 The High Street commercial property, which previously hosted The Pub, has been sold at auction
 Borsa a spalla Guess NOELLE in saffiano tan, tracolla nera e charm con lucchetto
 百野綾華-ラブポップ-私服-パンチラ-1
----------------------------------------
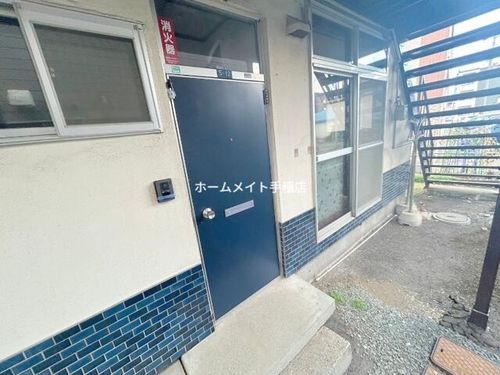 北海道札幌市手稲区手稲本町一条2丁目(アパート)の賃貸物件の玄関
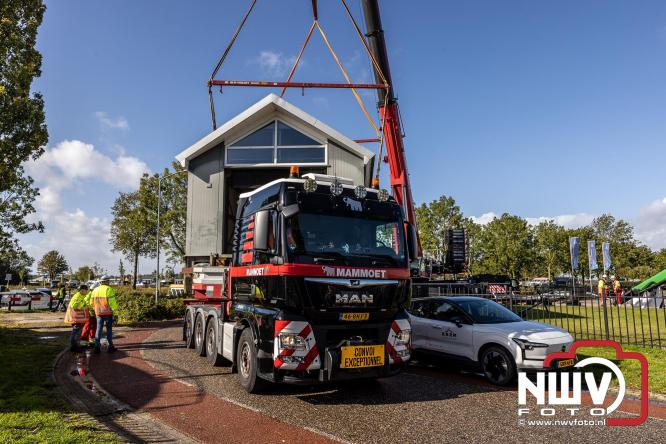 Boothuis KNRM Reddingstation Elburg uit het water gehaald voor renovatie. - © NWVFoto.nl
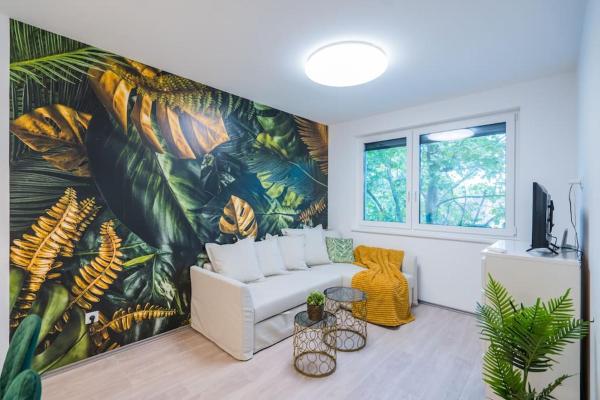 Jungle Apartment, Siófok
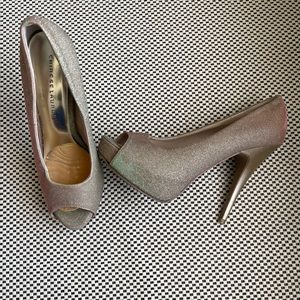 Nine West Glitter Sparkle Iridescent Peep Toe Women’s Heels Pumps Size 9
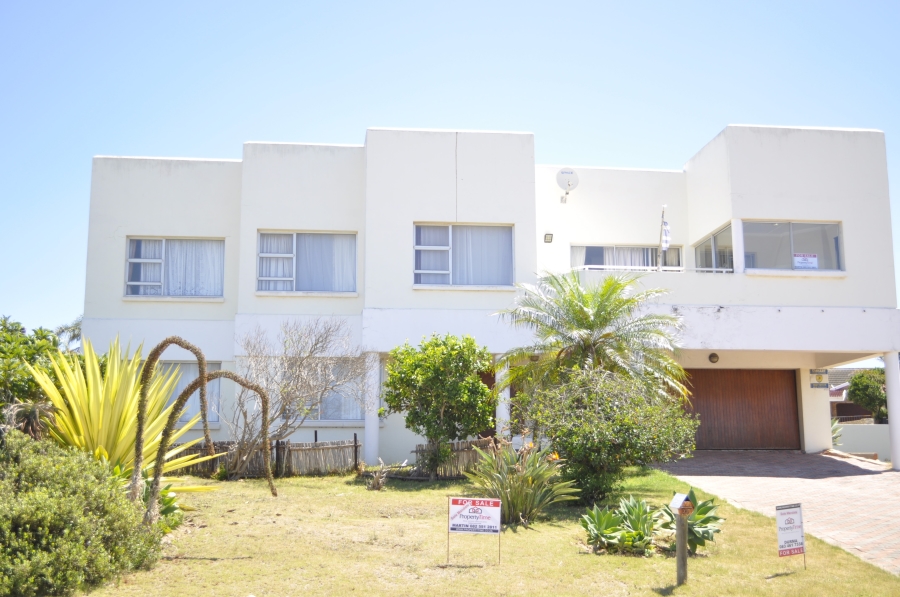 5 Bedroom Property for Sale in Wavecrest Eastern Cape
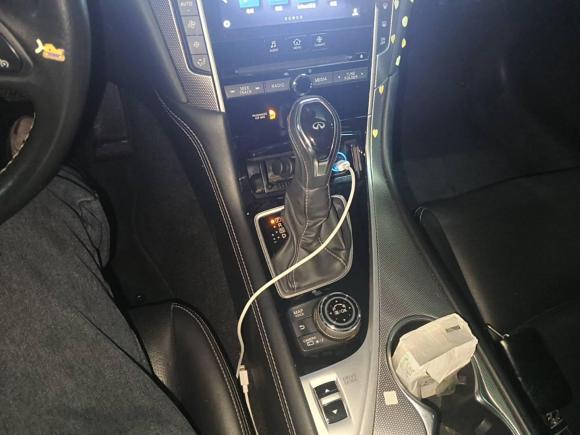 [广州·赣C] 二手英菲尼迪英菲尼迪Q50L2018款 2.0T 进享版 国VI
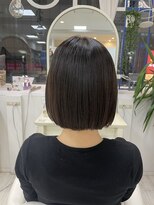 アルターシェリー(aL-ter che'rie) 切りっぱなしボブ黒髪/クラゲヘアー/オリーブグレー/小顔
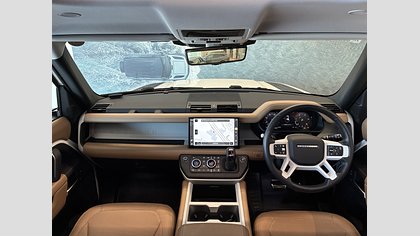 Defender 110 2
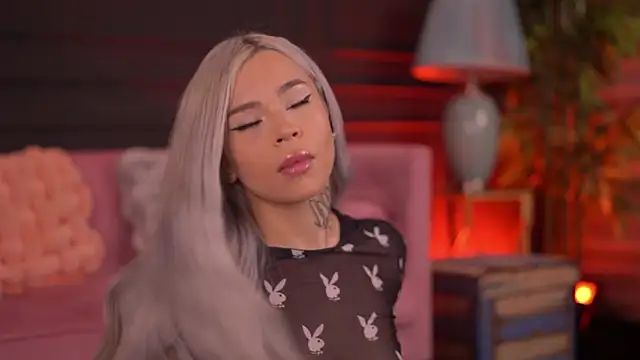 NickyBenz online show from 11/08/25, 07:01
----------------------------------------
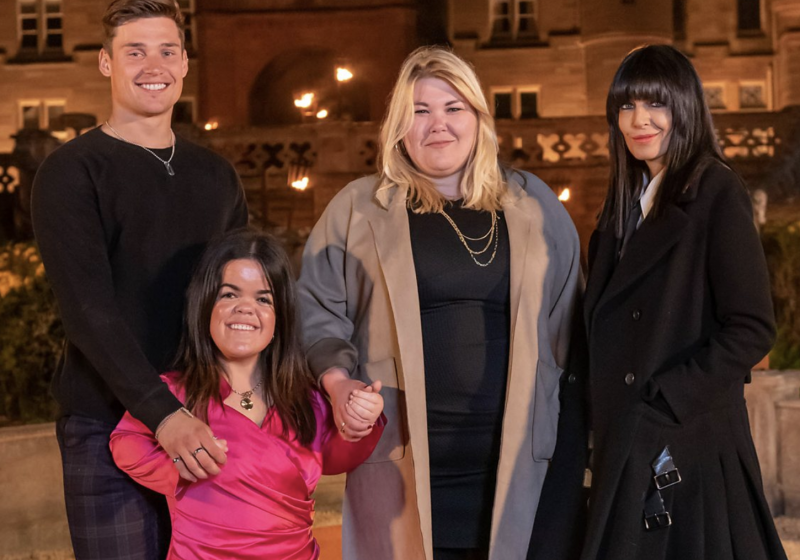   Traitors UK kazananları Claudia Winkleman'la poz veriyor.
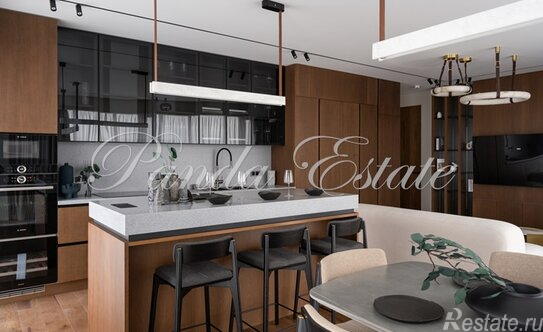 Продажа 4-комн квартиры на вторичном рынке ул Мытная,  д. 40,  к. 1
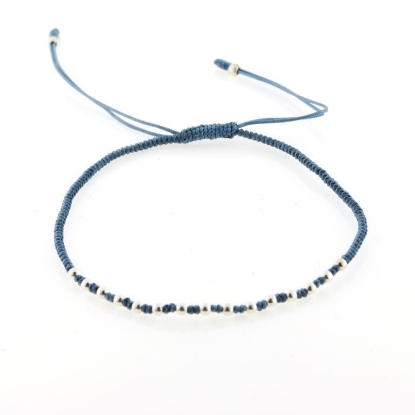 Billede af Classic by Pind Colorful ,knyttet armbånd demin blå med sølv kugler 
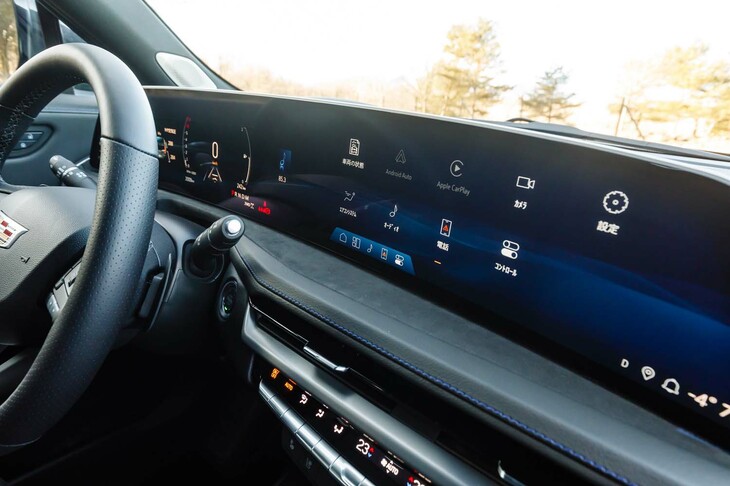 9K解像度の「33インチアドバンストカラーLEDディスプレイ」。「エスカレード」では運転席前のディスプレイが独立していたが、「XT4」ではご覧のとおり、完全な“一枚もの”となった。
----------------------------------------
Activity -
Working from the records above, set down word for word everything from the line containing "北海道札幌市手稲区手稲本町一条2丁目(アパート)の賃貸物件の玄関" down to the line containing "[广州·赣C] 二手英菲尼迪英菲尼迪Q50L2018款 2.0T 进享版 国VI", ends included, minus the pictures.

Worked solution -
 北海道札幌市手稲区手稲本町一条2丁目(アパート)の賃貸物件の玄関
 Boothuis KNRM Reddingstation Elburg uit het water gehaald voor renovatie. - © NWVFoto.nl
 Jungle Apartment, Siófok
 Nine West Glitter Sparkle Iridescent Peep Toe Women’s Heels Pumps Size 9
 5 Bedroom Property for Sale in Wavecrest Eastern Cape
 [广州·赣C] 二手英菲尼迪英菲尼迪Q50L2018款 2.0T 进享版 国VI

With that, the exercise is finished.